On​ the baseball fields of America in the first half of the 20th century Bill Klem was the law. As an umpire between 1905 and 1941 he worked eighteen World Series. His nickname was the Old Arbitrator, and the decisions he made were absolute. He is said to have been the first umpire to communicate to the crowd in the stands as well as the players on the field. He didn’t just announce his decisions; he used his arms to signal them. ‘That guy in a 25-cent bleacher seat is as much entitled to know a call as the guy in the boxes,’ he said. ‘He can see my arm signal even if he can’t hear my voice.’ Once, when a player asked whether a pitch was a ball or a strike, he replied: ‘It ain’t nothing until I call it.’ On another occasion, he was shown a photograph that proved he had mistakenly called a player out. ‘Gentlemen,’ he said to the press, ‘he was out because I said he was out.’

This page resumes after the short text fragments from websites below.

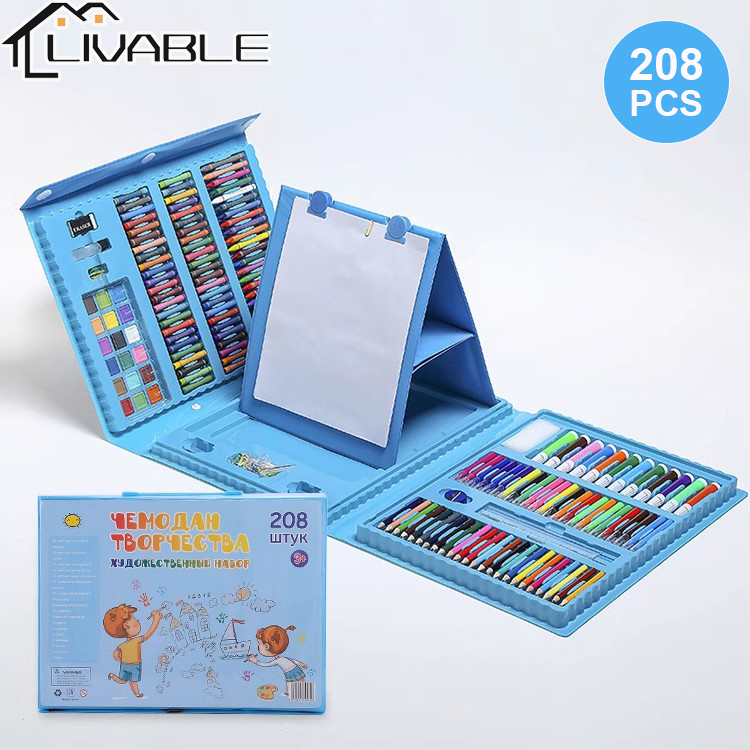 LIVABLE 208 PCS Kids Super Mega Art Coloring Set Painting Set Color Set Water Color Pen Crayon Drawing Set Drawing Pen - Image 3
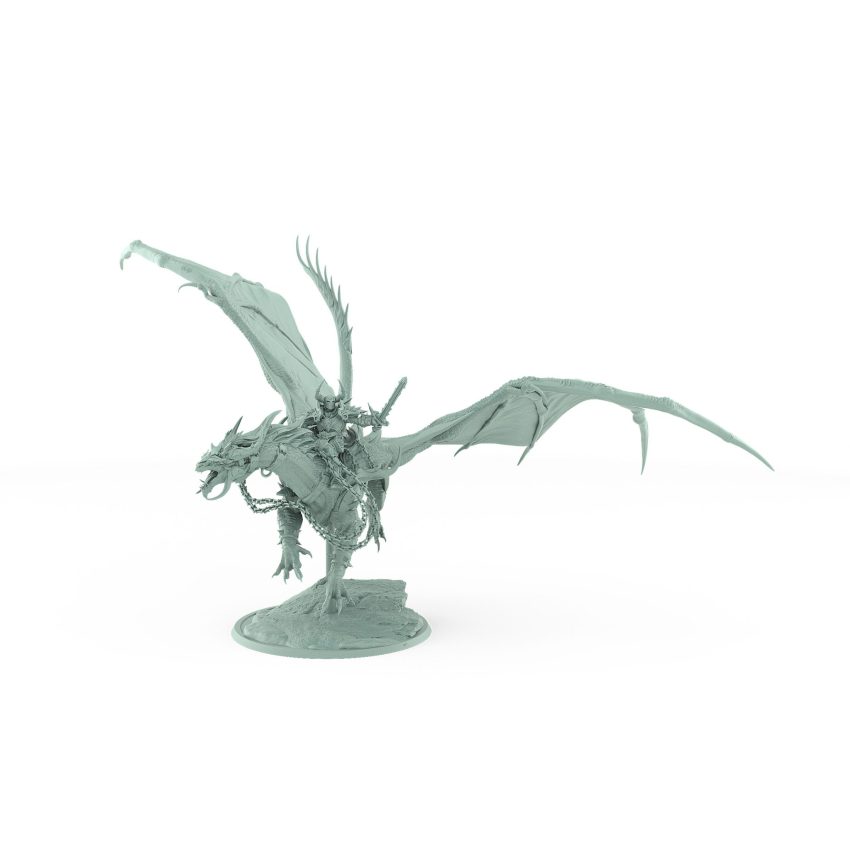 winged war dragon in flight with armored rider fantasy resin miniature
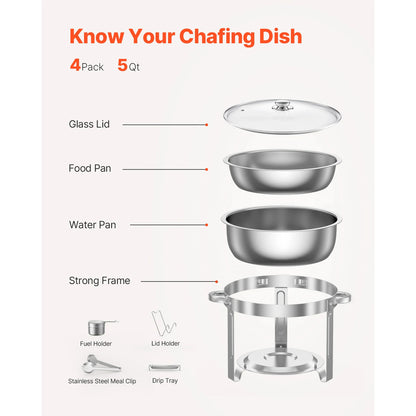 5 Qt 4 Pack Chafing Dish Buffet Set Stainless Steel Chafer with 4 Full Size Pan Round Catering Warmer Server for Party
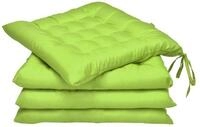 Beautissu Stuhlkissen 4er Set Stuhlkissen 40x40 mit B&auml;ndern Lea, Gr&uuml;n, Indoor...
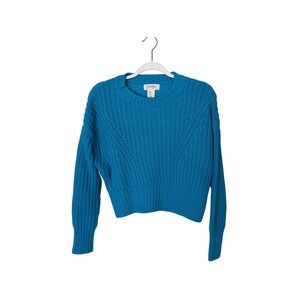 Jessica Simpson Turquoise Blue Chunky Knit Cropped Crew Neck Sweater Small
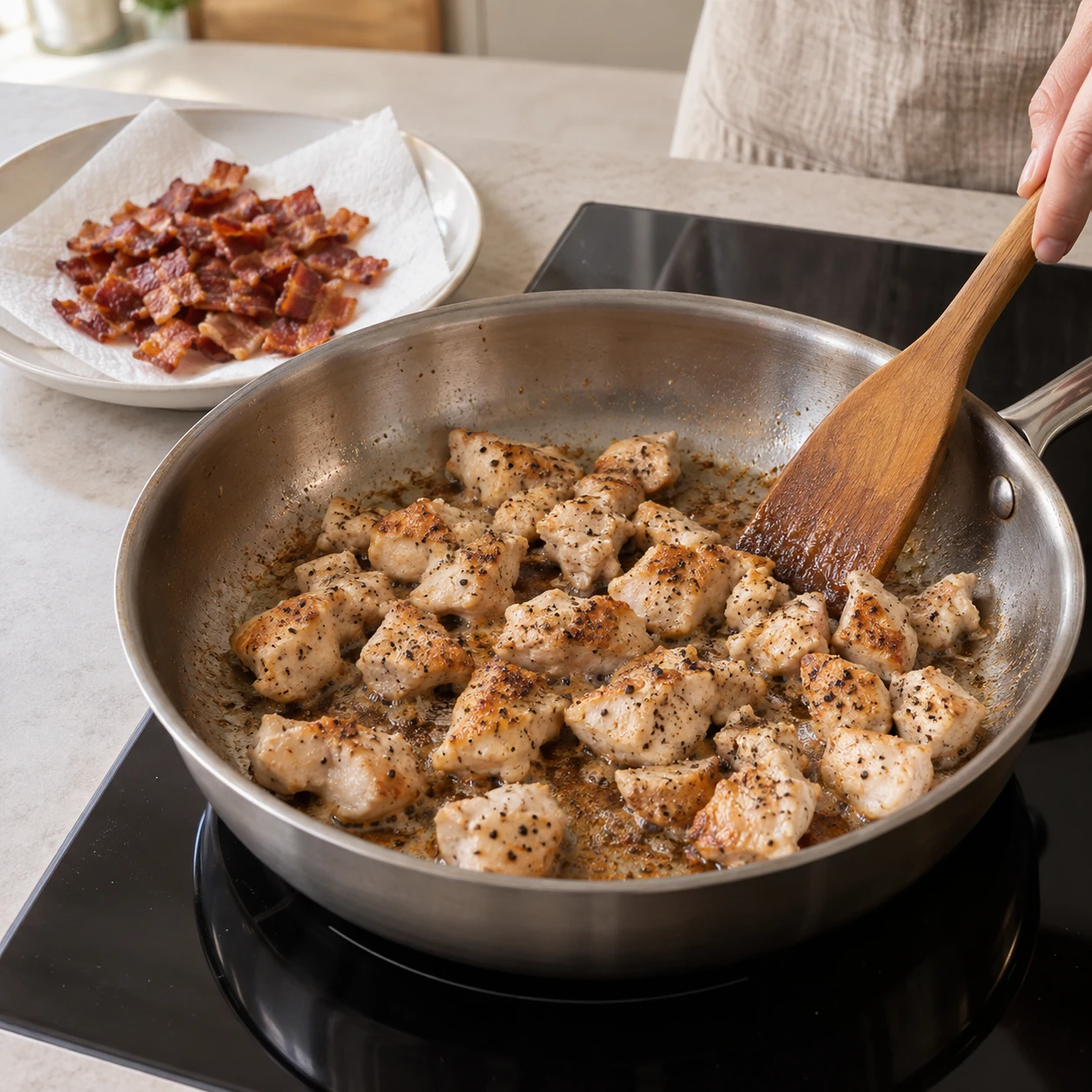 Cook the bacon and chicken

Klem died in 1951. Four years later, George Retzlaff, a producer on the TV show Hockey Night in Canada, used a kinescope to produce the first replay of a goal, but the video took some time to edit so was only ready to be shown later in the match. It was another eight years before Tony Verna, director of sports broadcasting at CBS, perfected a process that enabled him to replay touchdowns in American football matches just seconds after they’d happened. Using a VR-1000 videotape deck weighing half a tonne, situated in a large truck outside the stadium, Verna would rewind the tape then run it back into the live feed. On 7 December 1963, during a match between the US army and navy, he used it on live television for the first time. Lindsey Nelson, the CBS commentator, was briefed to remind fans: ‘This is not live! Ladies and gentlemen, Army did not score again!’ Two weeks earlier, a similar process had been used to replay footage of Jack Ruby shooting Lee Harvey Oswald just nine minutes after the event. But Verna had improved the technique; using audio tones as cues, he was able to produce a replay almost instantaneously. American football, in which key incidents often happen away from the main action, suddenly became more accessible. And refereeing mistakes were much easier to spot. By 1985, the LA Times was able to declare in an editorial that it was ‘possible for millions of people to consider an umpire’s calls again and again and from many different angles … possible to catch a glimpse at least of what appears to be an Independent Truth’.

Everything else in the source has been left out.